Congressman Tom Suozzi
New York

“Millions of Uyghurs disappeared into industrial scale concentration camps that the Chinese have built. The world has not seen anything like it at this scale since the Holocaust. There is pervasive surveillance starting from collection of waste samples, face samples, DNA, and then they start handing out ID cards and your facial recognition is embedded in that ID card.”
Nury Turkel
Attorney, author, “No Escape: The True Story of China's Genocide of the Uyghurs”

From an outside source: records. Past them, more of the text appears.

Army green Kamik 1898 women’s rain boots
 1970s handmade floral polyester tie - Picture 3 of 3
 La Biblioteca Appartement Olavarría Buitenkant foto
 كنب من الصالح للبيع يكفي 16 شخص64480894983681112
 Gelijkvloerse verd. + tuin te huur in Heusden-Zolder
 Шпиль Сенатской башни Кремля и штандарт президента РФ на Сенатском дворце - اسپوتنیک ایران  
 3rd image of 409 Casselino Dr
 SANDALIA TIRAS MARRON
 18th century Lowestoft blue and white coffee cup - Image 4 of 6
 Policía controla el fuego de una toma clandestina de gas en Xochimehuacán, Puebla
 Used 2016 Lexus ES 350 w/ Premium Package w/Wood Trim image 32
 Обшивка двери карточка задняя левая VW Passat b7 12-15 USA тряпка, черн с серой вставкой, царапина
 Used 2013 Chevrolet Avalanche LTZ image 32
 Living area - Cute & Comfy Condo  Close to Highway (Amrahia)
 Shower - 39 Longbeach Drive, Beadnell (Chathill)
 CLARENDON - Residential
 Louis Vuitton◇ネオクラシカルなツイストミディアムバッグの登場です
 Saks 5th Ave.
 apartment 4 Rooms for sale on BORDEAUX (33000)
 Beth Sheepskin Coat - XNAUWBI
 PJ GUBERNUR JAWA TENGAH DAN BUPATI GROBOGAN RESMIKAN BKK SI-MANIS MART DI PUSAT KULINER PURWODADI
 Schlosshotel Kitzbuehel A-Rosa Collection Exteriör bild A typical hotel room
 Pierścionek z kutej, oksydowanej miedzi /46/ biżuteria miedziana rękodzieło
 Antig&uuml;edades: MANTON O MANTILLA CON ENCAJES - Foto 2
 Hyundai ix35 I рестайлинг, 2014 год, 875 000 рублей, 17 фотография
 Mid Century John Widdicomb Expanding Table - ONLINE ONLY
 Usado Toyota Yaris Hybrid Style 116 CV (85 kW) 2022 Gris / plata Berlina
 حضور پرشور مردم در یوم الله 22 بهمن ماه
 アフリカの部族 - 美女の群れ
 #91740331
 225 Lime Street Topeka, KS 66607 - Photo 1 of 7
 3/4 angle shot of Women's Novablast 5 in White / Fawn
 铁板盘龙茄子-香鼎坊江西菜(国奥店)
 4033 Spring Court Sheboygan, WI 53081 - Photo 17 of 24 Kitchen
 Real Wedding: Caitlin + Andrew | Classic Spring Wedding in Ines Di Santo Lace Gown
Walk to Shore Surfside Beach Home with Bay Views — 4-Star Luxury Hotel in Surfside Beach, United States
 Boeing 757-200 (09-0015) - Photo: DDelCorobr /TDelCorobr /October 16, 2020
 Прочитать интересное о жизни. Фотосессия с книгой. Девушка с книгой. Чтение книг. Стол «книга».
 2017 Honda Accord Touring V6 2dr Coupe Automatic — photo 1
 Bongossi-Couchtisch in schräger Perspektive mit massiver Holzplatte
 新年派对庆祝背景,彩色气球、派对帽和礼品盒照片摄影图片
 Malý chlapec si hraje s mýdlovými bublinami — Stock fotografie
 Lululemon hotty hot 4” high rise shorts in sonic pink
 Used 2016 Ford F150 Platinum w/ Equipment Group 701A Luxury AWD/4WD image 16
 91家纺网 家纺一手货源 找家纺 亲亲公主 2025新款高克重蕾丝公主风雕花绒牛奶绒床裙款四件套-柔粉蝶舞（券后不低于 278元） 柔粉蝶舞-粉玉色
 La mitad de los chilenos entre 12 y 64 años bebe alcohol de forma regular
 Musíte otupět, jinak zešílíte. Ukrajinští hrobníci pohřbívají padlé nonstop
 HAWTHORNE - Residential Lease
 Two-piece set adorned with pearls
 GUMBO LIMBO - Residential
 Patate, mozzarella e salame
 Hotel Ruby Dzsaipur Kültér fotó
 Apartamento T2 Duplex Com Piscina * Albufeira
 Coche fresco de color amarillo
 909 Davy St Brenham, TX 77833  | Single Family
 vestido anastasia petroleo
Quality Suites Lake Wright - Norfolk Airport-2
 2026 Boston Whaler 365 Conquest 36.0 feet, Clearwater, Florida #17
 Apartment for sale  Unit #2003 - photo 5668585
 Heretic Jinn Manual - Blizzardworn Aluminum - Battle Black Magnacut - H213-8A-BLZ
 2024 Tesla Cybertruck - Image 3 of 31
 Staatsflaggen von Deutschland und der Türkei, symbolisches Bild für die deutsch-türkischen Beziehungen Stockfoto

“There's a very clear personality profile that we have seen with many of these authoritarian leaders. Unfortunately, we're seeing a whole new wave of authoritarian leaders rise across the globe.”
Alexa Koenig
Executive Director, Human Rights Center, Berkeley School of Law

“The trauma that's associated with genocide has ripple effects through generations. And when we think about our own legacy of genocide and of trauma here in the United States, the legacy of slavery, of Native American communities; it's only been 50 years since the Civil Rights Act. These traumas are still raw, and these traumas are something that we are continuing to pass down, both collectively and individually, through our families.”
Alexa Koenig
Executive Director, Human Rights Center, Berkeley School of Law

“It's very important that we understand sexual violence, or issues of sexual autonomy and integrity, as it relates to genocide. The Rwandan genocide was basically comprised of sexual violence and raping Tutsis women prior to killing them. When we think of sexual violence as usually being acts of rape. But when one thinks sexual violence is acts where you're sterilized or acts where re-productivity is prevented, they're all different means of making that population not be able to reproduce itself.”
Patricia Viseur Sellers
Special Advisor for Gender for the Office of the Prosecutor of the International Criminal Court

“As a young child who saw war and saw devastation first hand, and then also experienced the trauma of a torture survivor in my home, I know physically that it affected me. I would get the shakes. I would have nightmares severely where I thought people were going to come into our house and kill all of my family members, and I was going to be the only one left, like over and over and over again.”
Nahid Abunama-Elgadi
Activist

“Those occurrences and experiences that traumatized people years ago are passed down, even in our bones and in our genetics, and pass through to subsequent generations. I want to hear the truth about what slavery did to black people. I want to hear the truth about how slavery benefited white people. We never really have a chance as black people, I think, unless we're very intentional to help that trauma and that pain and the negative mental health impacts dissipate.”
Dr. M. Alfiee Breland-Noble
Psychologist, AAKOMA Project

“We have to care about human rights. When you see the rise of hate speech or the rise of hate crimes or persecution of a particular group of people. That's a warning sign. The world community needs to say that's not acceptable.” 
Congressman Jim McGovern
Massachusetts

“Where we see evil, where we see genocide, where we see oppression. And where we see assault upon whole communities. We have a moral obligation to speak out.”
Congresswoman Bonnie Coleman Watson
New Jersey

“To think of ‘never again’ as an unattainable goal is the wrong way to look at it. Never again comes from the experience of the Jews after World War II, and it's a vow. The vow is to fight and to do what can be done.”
Todd Buchwald
Ambassador, Office of Criminal Justice, U.S. State Department

“When we speak about genocide. When we fight it. When we legislate against it. We must always remember what it is. And never sanitize it, never reduce it do an abstract concept. That is what was in the minds of the post-war generation of lawyers who drew up the Genocide Convention.” 
Paul Mason
Journalist, author, “How To Stop Fascism”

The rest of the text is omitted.